I wanted to do some blogging about some of my favorite records, and 25 seemed like a good number. So here’s the first in a series of 25. I’ll be doing entries about other stuff inbetween as well. I’ll try and keep each one relatively short…wish me luck.
The Cure-Disintegration
I figured I’d start with this one because I just purchased the recently-released 3-disc deluxe edition. I first heard the Cure when I was 14, and the first Cure record I bought was a cassette of “Standing On A Beach-The Singles” (titled “Staring At the Sea” if you purchased the CD version). “Standing” was a pretty good introduction to the band, since it contained every single they’d released up through 1986 or so. It made me a fan to some degree, but I really didn’t learn what it meant to truly love the Cure until I heard “Disintegration”. It had been about 6 or 8 months since my initial purchase, and I had heard just enough of the band’s 1989 opus at a youth group event to get really, REALLY excited about buying it.

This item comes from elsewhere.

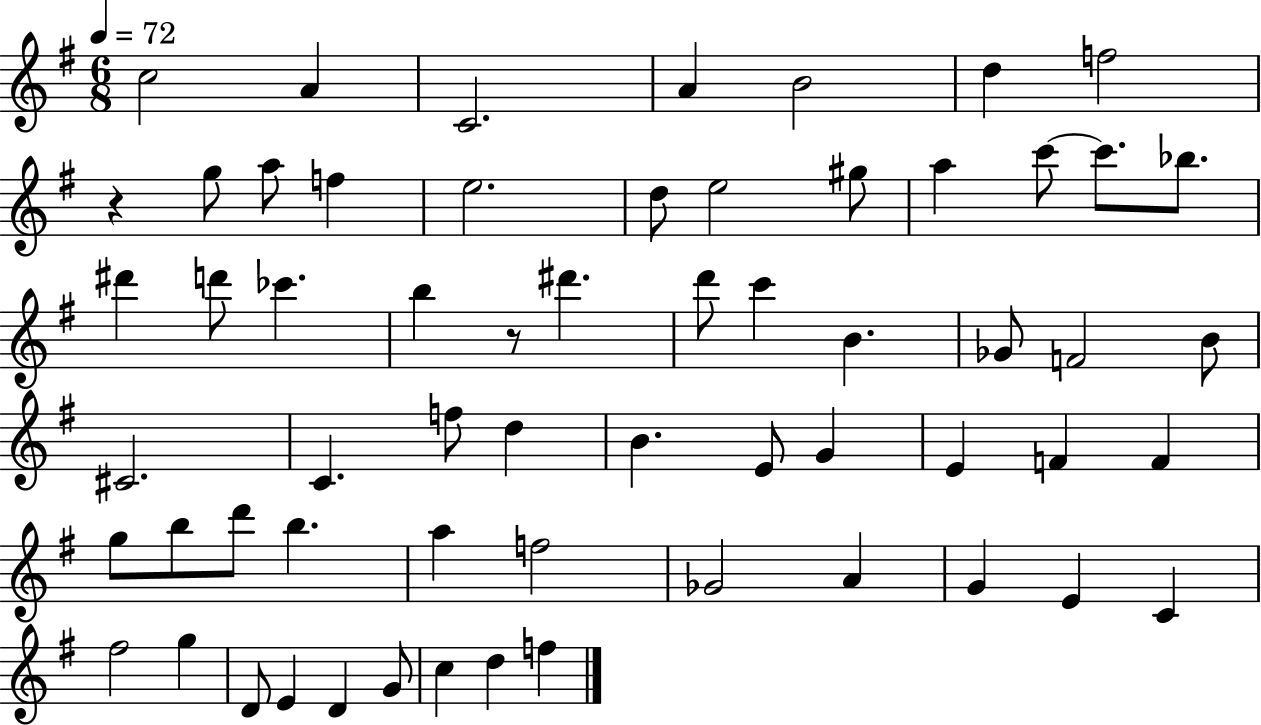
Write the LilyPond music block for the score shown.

This record, to me, is a 70-something minute demonstration of the word “atmosphere”. I think it applies in several different ways, one certainly being that the whole record has a vibe that’s as thick as molasses from start to finish. Also, though, I don’t think it’s an accident that it’s maybe the best rainy day record EVER…when there’s activity in the physical atmosphere, “Disintegration” gives plenty of corresponding atmosphere in the emotional sense. The composition, arranging and production are phenomenal…one of the things that’s always blown my mind about “Disintegration” is how on every song, every time you think they’ve finished adding parts to the mix, some new melody or motif comes in and takes the whole thing up another notch. Some characterize this record (and much of the Cure’s other music) as “depressing”, and I suppose that, emotionally, it’s definitely not an upper, but I think that short changes its value. It may bring you to a melancholy place, but sometimes that’s a place that we all need to go.